Boston on Wednesday joined a growing list of cities nationwide by requiring banks to prove they are investing in neighborhoods and small businesses if they want to handle city accounts and deposits.
The ordinance goes into effect immediately.
The City Council, by a 10-to-3 vote, overrode an earlier veto by Mayor Thomas M. Menino.
Wednesday’s vote, one of the last before the Nov. 5 elections, means that banks wanting to provide payroll services, process payments, and hold Boston’s deposits will have to show they are helping low- and moderate-income neighborhoods throughout the city.
“We’re going to invest with a bank that invests most in our neighborhoods,” said Councilor at Large Felix G. Arroyo, a sponsor of the ordinance.
Cities including Los Angeles and New York City passed similar legislation after the financial crisis and revelations about questionable mortgage and foreclosure practices by banks.
Still, it’s unclear whether Boston’s new rules are more symbolic than substantive, since they are unlikely to affect the city’s primary contract for banking services. Boston signed a three-year contract with Providence-based RBS Citizens Bank this summer. It holds as much as $700 million of the city’s deposits at any one time, said Meredith Weenick, the city’s chief financial officer.

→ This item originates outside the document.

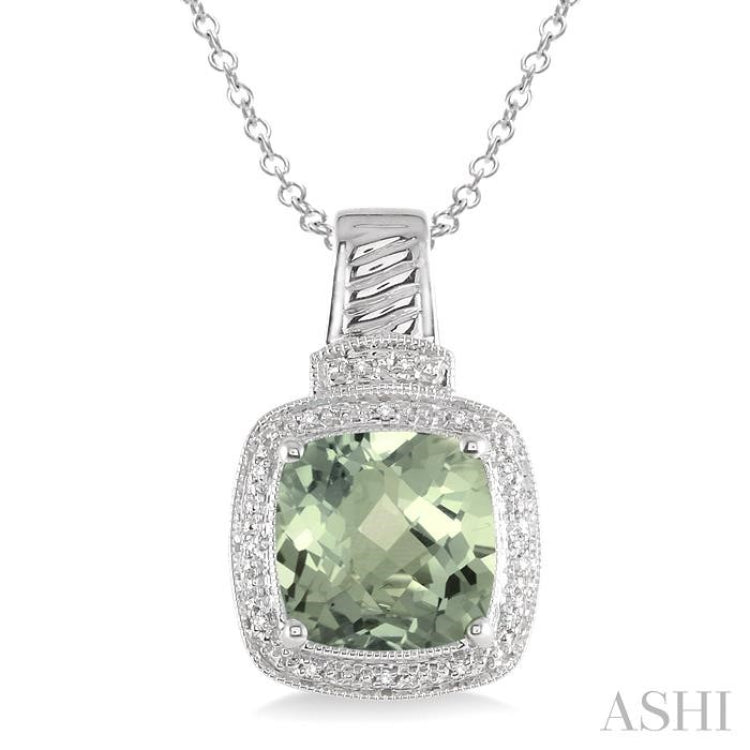 10x10 MM Cushion Shape Green Amethyst and 1/20 ctw Single Cut Diamond Pendant in Sterling Silver with Chain
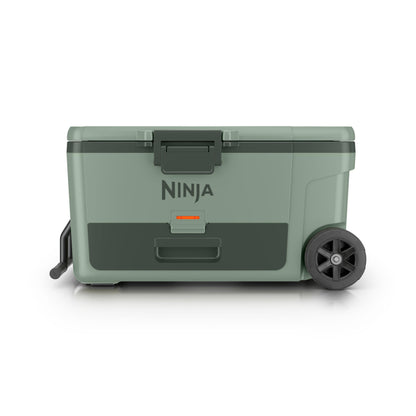 Ninja FrostVault 45QT Cooler with Wheels | Insulated with Temp Dry Storage Drawer | Keeps Ice Cold for Days | for The Beach, Camping, Picnics & More | Halocline Green | FB245TL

Under the contract, the city forgoes interest payments on deposits for services such as payroll, credit card payment processing, and bill payments.
The city occasionally receives requests from smaller banks for less than $5 million of Boston’s deposits on a short-term basis as capital to make loans, Weenick said. Those banks would have to provide community investment data, she said.
Citizens Bank has provided such information in other cities where it does business, said Jim Hughes, a spokesman.
The bank funds community development projects throughout its service territory, he said.